# Personal Finance Software for Mexico & US expenses



## gemdomer (Sep 14, 2011)

Does anyone have experience with a good personal finance software that allows you to track bank accounts, income, expenses, etc in both USD and MXN? My job pays me in pesos but my husband gets paid in dollars.

If it does business finance as well that would be a bonus.


----------



## rckrckr (Jan 12, 2010)

I don't know if it has all the features you need, but Quicken can track in many currencies, including MXN - just indicate in the set up of each account which currency you want.


----------



## TundraGreen (Jul 15, 2010)

gemdomer said:


> Does anyone have experience with a good personal finance software that allows you to track bank accounts, income, expenses, etc in both USD and MXN? My job pays me in pesos but my husband gets paid in dollars.
> 
> If it does business finance as well that would be a bonus.

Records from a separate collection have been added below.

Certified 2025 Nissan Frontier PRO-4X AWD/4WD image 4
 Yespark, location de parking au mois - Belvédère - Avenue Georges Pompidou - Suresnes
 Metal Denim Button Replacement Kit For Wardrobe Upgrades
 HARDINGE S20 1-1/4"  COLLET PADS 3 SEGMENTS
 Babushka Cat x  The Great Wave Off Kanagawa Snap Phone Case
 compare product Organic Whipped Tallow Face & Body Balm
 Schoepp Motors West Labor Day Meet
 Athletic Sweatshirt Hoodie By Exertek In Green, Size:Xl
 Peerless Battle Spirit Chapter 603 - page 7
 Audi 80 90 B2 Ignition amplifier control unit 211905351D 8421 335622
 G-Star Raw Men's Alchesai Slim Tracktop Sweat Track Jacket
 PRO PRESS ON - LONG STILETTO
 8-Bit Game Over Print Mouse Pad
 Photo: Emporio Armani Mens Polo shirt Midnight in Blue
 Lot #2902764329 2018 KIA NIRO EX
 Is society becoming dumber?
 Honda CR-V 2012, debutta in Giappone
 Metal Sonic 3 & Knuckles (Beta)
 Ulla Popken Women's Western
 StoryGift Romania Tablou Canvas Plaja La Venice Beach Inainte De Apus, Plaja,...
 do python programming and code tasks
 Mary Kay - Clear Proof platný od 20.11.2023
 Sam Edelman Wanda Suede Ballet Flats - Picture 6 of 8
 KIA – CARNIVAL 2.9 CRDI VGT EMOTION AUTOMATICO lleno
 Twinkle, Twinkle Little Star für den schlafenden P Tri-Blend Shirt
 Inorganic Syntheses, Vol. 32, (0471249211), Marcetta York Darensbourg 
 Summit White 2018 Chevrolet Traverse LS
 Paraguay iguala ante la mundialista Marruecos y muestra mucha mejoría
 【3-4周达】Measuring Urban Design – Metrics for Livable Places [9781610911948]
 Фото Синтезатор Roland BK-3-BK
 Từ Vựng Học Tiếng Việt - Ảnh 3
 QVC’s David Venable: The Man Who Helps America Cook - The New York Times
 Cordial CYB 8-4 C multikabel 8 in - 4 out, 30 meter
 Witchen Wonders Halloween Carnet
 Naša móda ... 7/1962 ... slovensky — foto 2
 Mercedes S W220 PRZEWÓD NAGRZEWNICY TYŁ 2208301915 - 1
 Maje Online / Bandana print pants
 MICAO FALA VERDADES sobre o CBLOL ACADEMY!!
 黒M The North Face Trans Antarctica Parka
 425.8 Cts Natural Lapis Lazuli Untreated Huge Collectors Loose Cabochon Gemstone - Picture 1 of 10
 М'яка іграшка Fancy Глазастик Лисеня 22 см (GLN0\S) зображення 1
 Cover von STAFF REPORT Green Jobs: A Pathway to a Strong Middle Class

I use GnuCash. It is a free, open source software. It comes in Windows, Mac OS X, and Linux versions. It handles multiple currencies very easily. I have two peso accounts and multiple dollar accounts and it all works really well. I switched from Quicken which would not handle multiple currencies at all (at least in the Macversion it wouldn't). I like GnuCash a lot better. It is fully double entry. It was easy to learn to use mostly. The currency conversion is handled with "Price Editor" that keeps a record of the fluctuating value of a currency. Stock or fund prices are handled with the same editor.


----------



## pappabee (Jun 22, 2010)

Quicken is not a good accounting program, it is a very good money management program. To be considered an accounting program it must be a double entry system. As we have more and more international banking you will find more and more accounting programs that will do the job.

FYI, one of the first places that new programs arrive is in the shareware or freeware market. Shareware.com; tucows.com and zdnet.com have some of the best choices.


----------